Stored data ▸
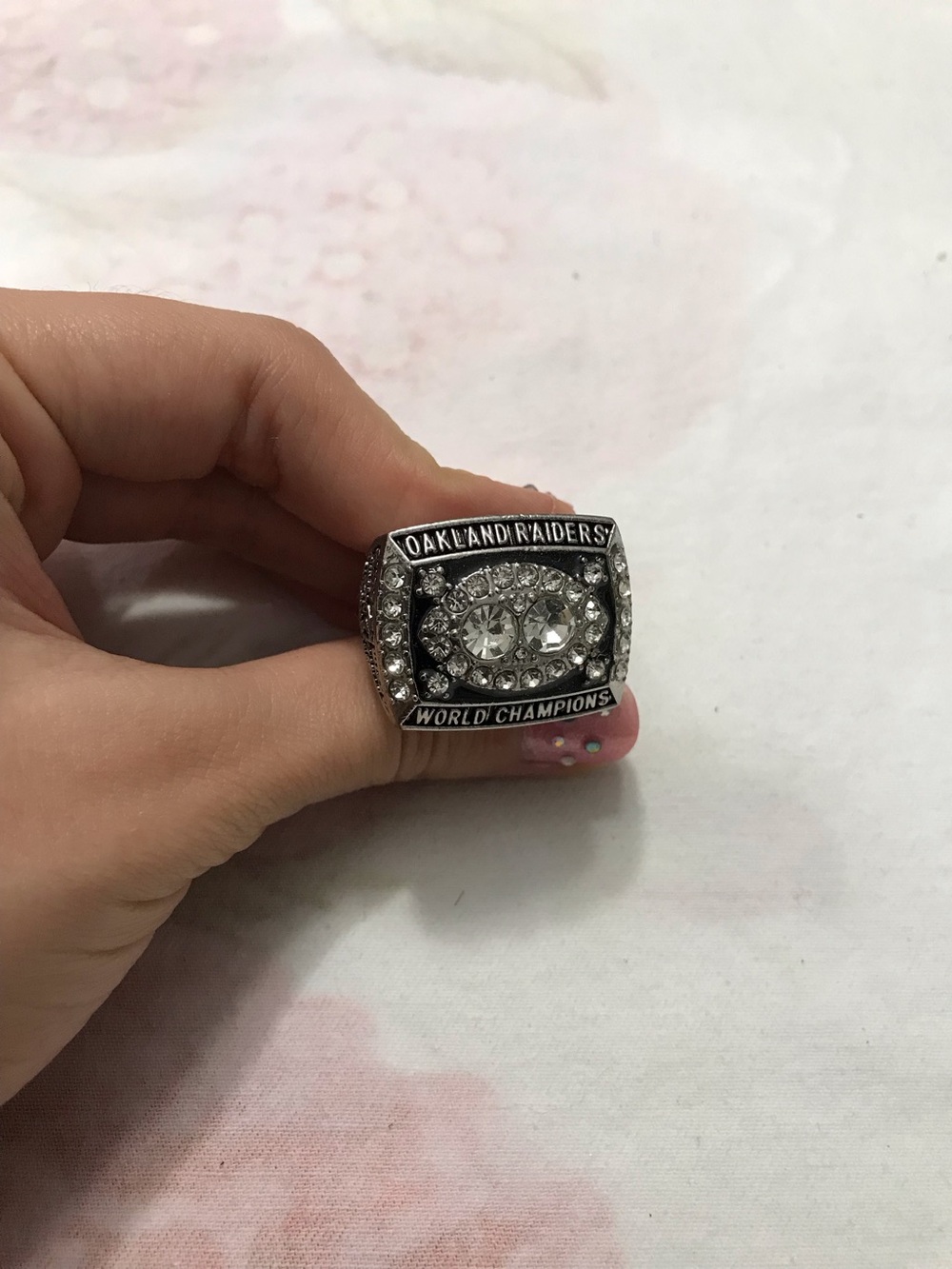 1980 Oakland Raiders Super Bowl Ring with 'OAKLAND RAIDERS' and 'WORLD CHAMPIONS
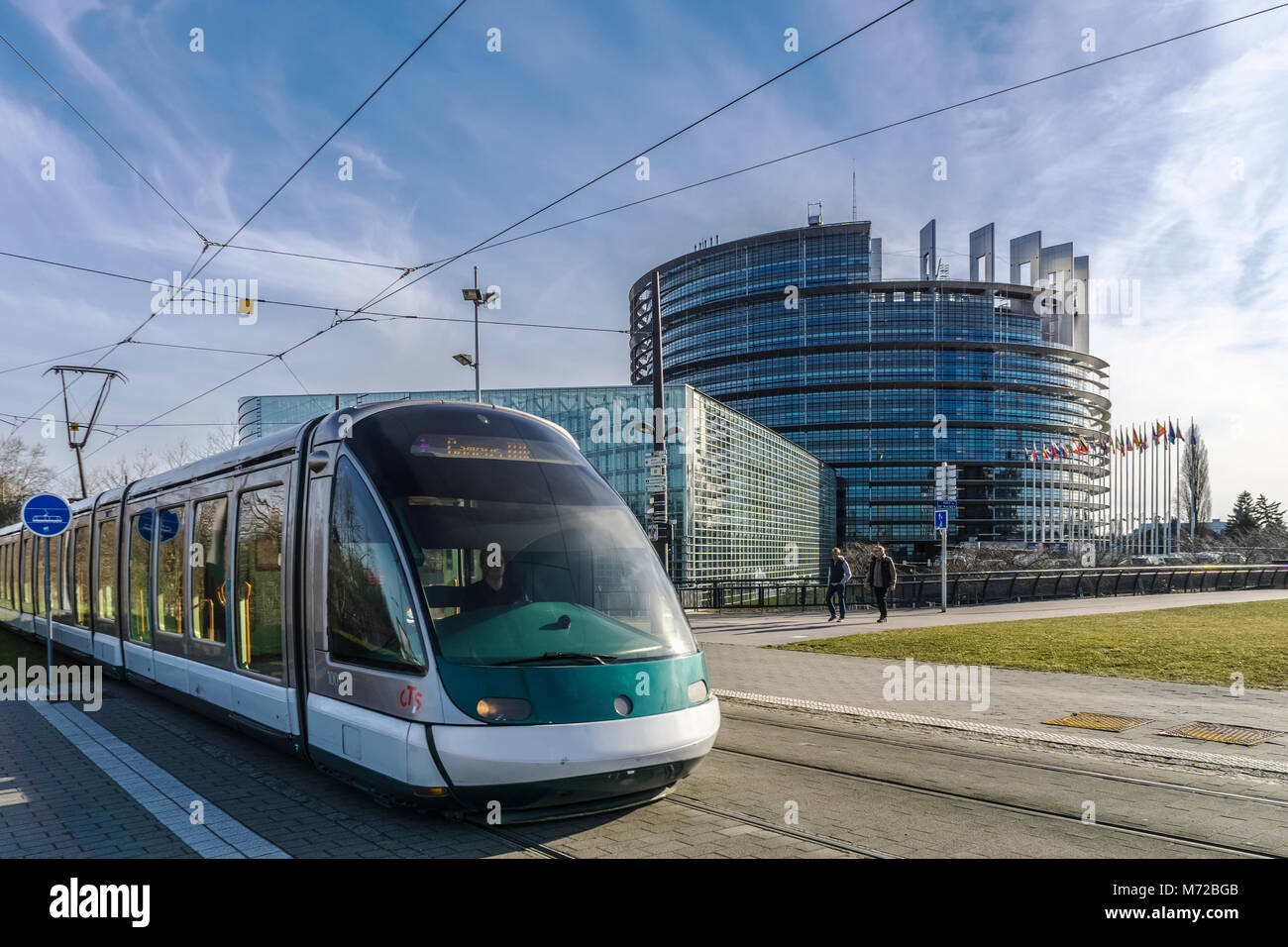 Le bâtiment Louise Weiss, siège du Parlement européen avec un tramway à l'avant-plan, Strasbourg, France. Banque D'Images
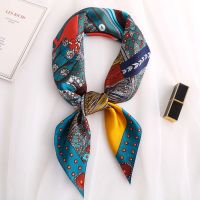 韩版小方巾女春秋季百搭职业小领巾Chic发带装饰复古韩版小丝巾 蓝边(抽象链条)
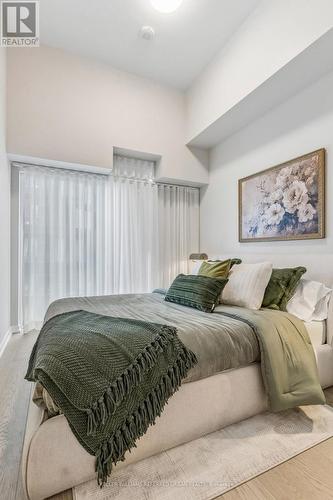 702 - 10 Graphophone Grove, Toronto, ON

Exercise brief ▸
Each line above should be set down exactly as written, with pictures excluded.

Finished task ▸
 1980 Oakland Raiders Super Bowl Ring with 'OAKLAND RAIDERS' and 'WORLD CHAMPIONS
 Le bâtiment Louise Weiss, siège du Parlement européen avec un tramway à l'avant-plan, Strasbourg, France. Banque D'Images
 韩版小方巾女春秋季百搭职业小领巾Chic发带装饰复古韩版小丝巾 蓝边(抽象链条)
 702 - 10 Graphophone Grove, Toronto, ON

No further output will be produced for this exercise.